XAU/USD: prospects for the gold market
An official Labor Department report released last Friday showed that the number of US non-farm payrolls rose by 467,000 in January, while the unemployment rate, although rising to 4.0%, remained at pandemic lows. The figures were stronger than expected, given the spread of the omicron strain of coronavirus and labor shortages.
Nevertheless, despite the strong report of the US Department of Labor, the dollar was unable to fully benefit from the results of this publication. Last week, the DXY dollar index even declined, shedding 1.8%, returning to the levels of July 2020 (at the time of publication of this article, DXY futures are traded near the 95.60 mark).
And yet, economists believe that the decline in the dollar will not be long. From the results of the January meeting of the Fed, it follows that the US central bank will overtake other major world central banks in the process of tightening monetary policy, and the divergence of the curves reflecting the dynamics of monetary policies will increase over time. And this is one of the most important factors in favor of further strengthening of the USD, if, of course, the Fed manages to quickly cope with rising inflation as a result of these actions.
Last month, when the Fed's January meeting ended, Fed chief Powell said "the economy is in very good shape, inflationary pressures are high, so it would be prudent to consider shifting (plans) to curtail asset purchases for a few months earlier".
At the same time, if the Fed falls behind in the process of curbing accelerating inflation, the dollar may again come under pressure. The Fed may find itself in the dilemma of containing high inflation on the one hand, and the task of not harming the economic recovery due to higher interest rates on the other. If the Fed fails to contain rising inflation, it will make it harder to keep the balance between economic growth and the monetary tightening cycle, and this, in turn, could hurt the dollar.
In this regard, and from this point of view, it is worth paying attention to the dynamics of gold prices. It, as you know, does not bring investment income, but is a popular defensive asset, especially in the face of rising inflation.

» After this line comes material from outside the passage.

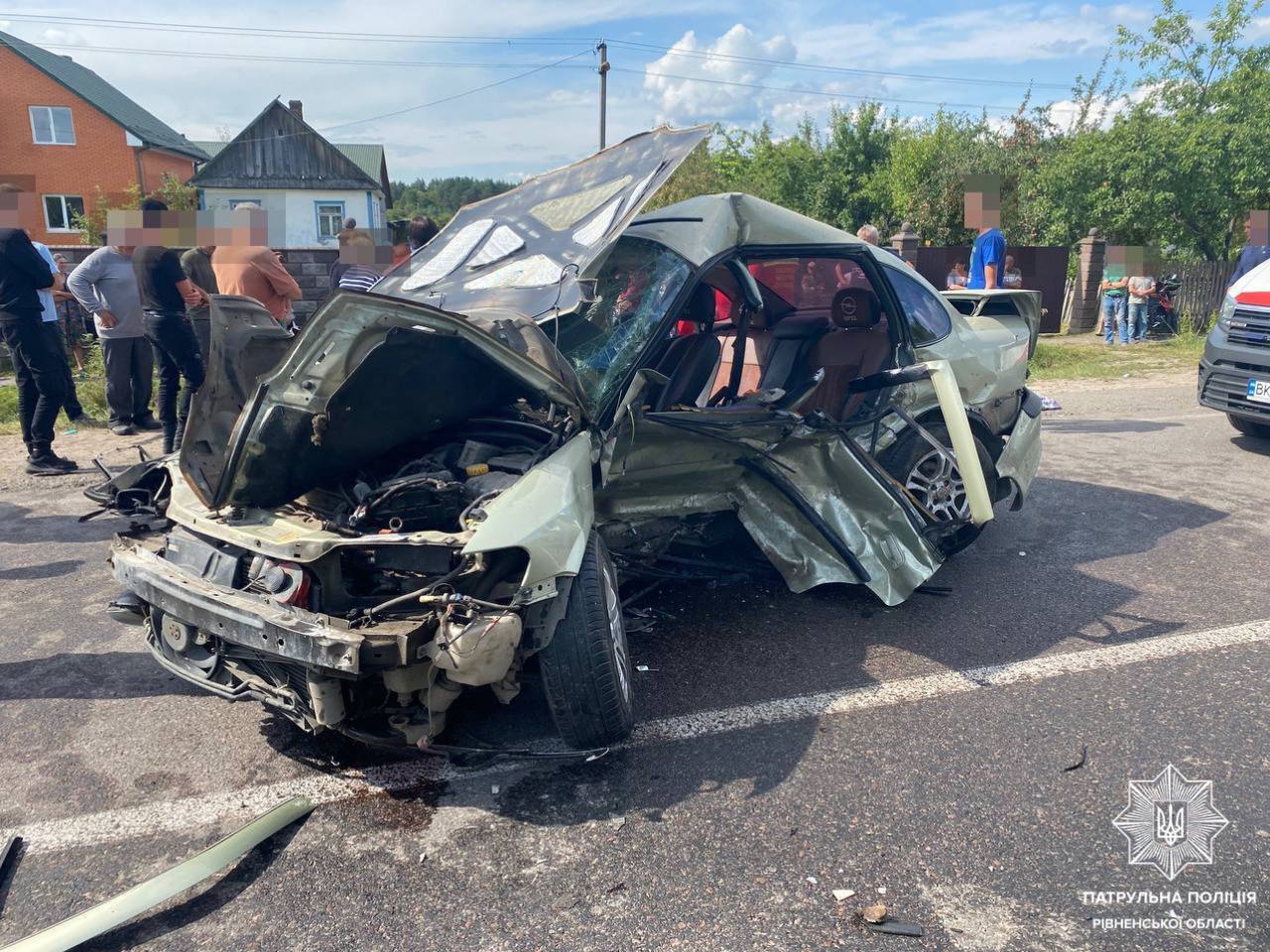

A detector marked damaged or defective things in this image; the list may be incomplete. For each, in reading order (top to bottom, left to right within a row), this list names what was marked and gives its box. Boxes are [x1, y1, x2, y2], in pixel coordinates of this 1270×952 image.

shattered windshield [551, 237, 691, 411]
wrecked car [91, 127, 1041, 751]
torn metal panel [726, 423, 945, 606]
torn metal panel [1, 796, 314, 952]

At the same time, gold quotes are extremely sensitive to changes in the monetary policy of the world's leading central banks, especially the Fed. When it tightens, the quotes of the national currency (under normal conditions), as a rule, grow, while the price of gold falls.
However, as we can see from the long-term charts of gold quotes, its price is not going to fall.
As noted recently in the World Gold Council (WGC), the dynamics of gold prices is not entirely clear against the background of multidirectional factors: fears about high inflation and anticipation of an increase in interest rates, primarily in the Fed. Thus, according to WGC analysts, the dynamics of gold prices will depend on "whether investors' concerns about inflation will intensify and whether interest rates will rise faster than expected".
The latest World Gold Council Demand Trends Report showed that annual demand has reversed many of the losses caused by COVID since 2020. Demand for gold bars and coins rose 31% to an 8-year high of 1,180 tons as retail investors sought shelter amid rising inflation and ongoing economic uncertainty caused by the coronavirus pandemic.
The WGC expects that in 2022 the dynamics of gold will be similar to its dynamics in 2021. Higher global inflation and the possibility of a new wave of correction in the stock markets are likely to support demand for gold as a hedge. In addition, gold may continue to find support from consumer demand and demand from central banks. How central banks handle sustained high inflation will be a key driver for institutional and retail demand in 2022, the WGC notes.